**TASK ITEM:** Skip the pictures. Return exactly the lines from the one containing "Cum câștigă România" through the end of the entries below.

--- RECORDS SUPPLIED Enclosed Below ---

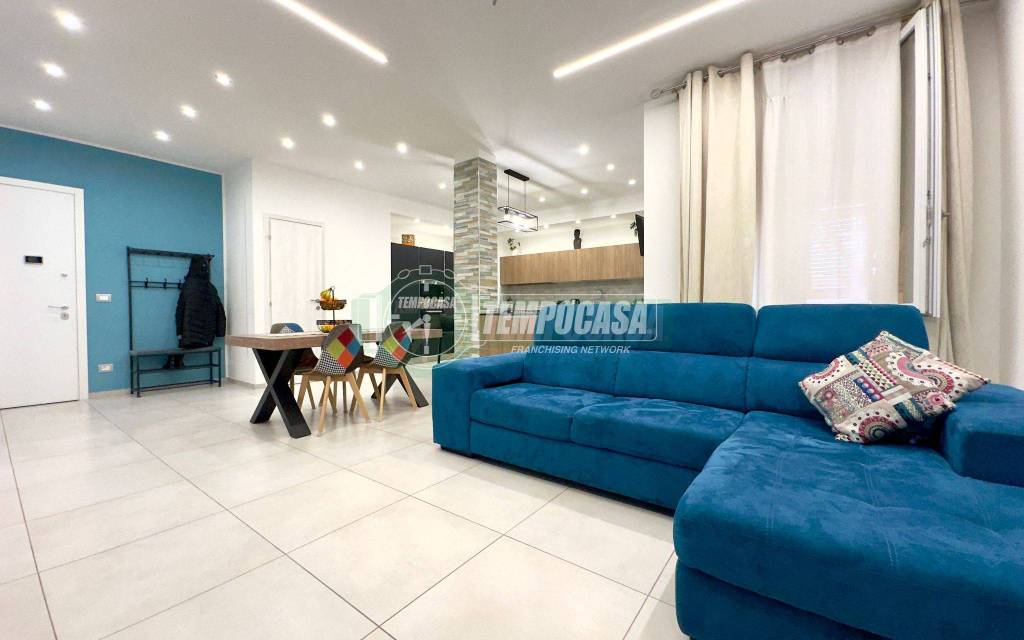 appartamento in vendita a Genova in zona Sestri Ponente
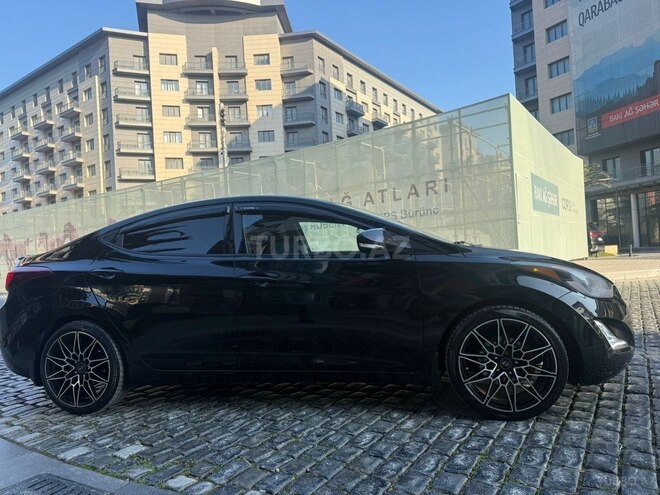 Hyundai Elantra 2015, 124,000 km - 1.8 l - Bakı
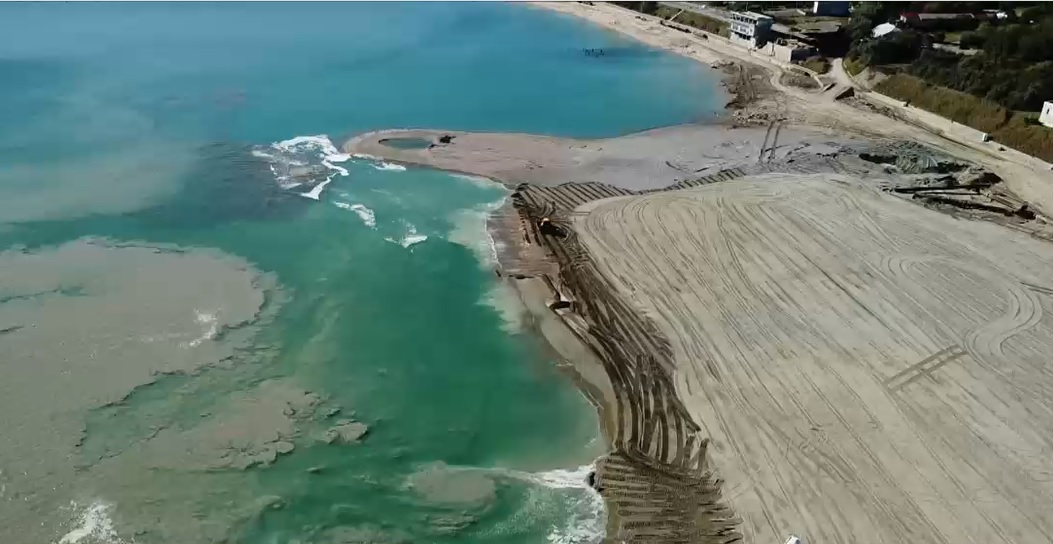 Cum câștigă România 300 de hectare de plajă în zece ani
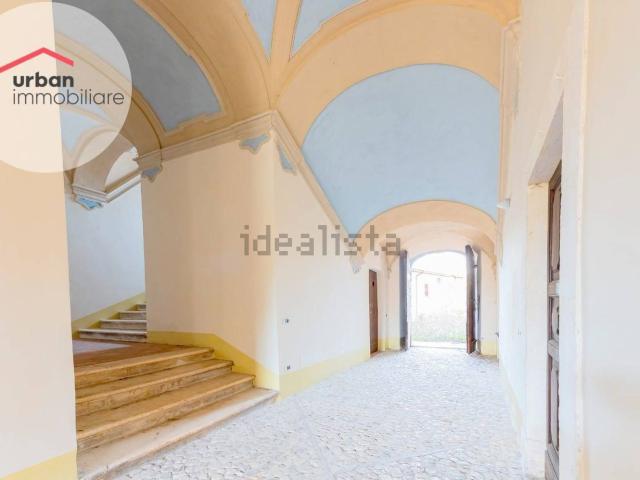Appartamento in vendita di 400 m² in Via Roma
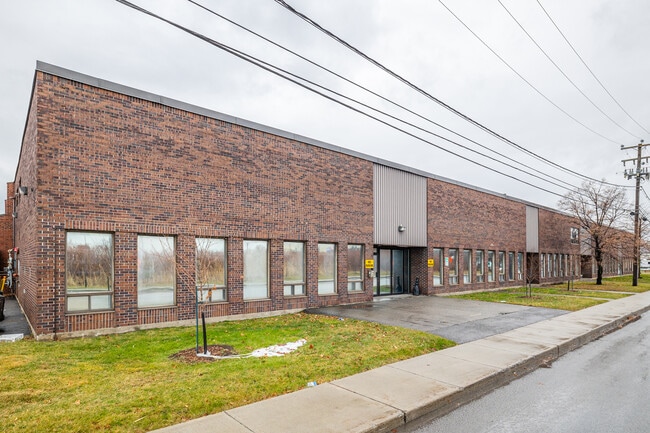 More details for 10300 Av Ryan, Dorval, QC - Industrial for Lease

--- End of Enclosed RECORDS SUPPLIED ---

**ANSWER AREA:**
 Cum câștigă România 300 de hectare de plajă în zece ani
Appartamento in vendita di 400 m² in Via Roma
 More details for 10300 Av Ryan, Dorval, QC - Industrial for Lease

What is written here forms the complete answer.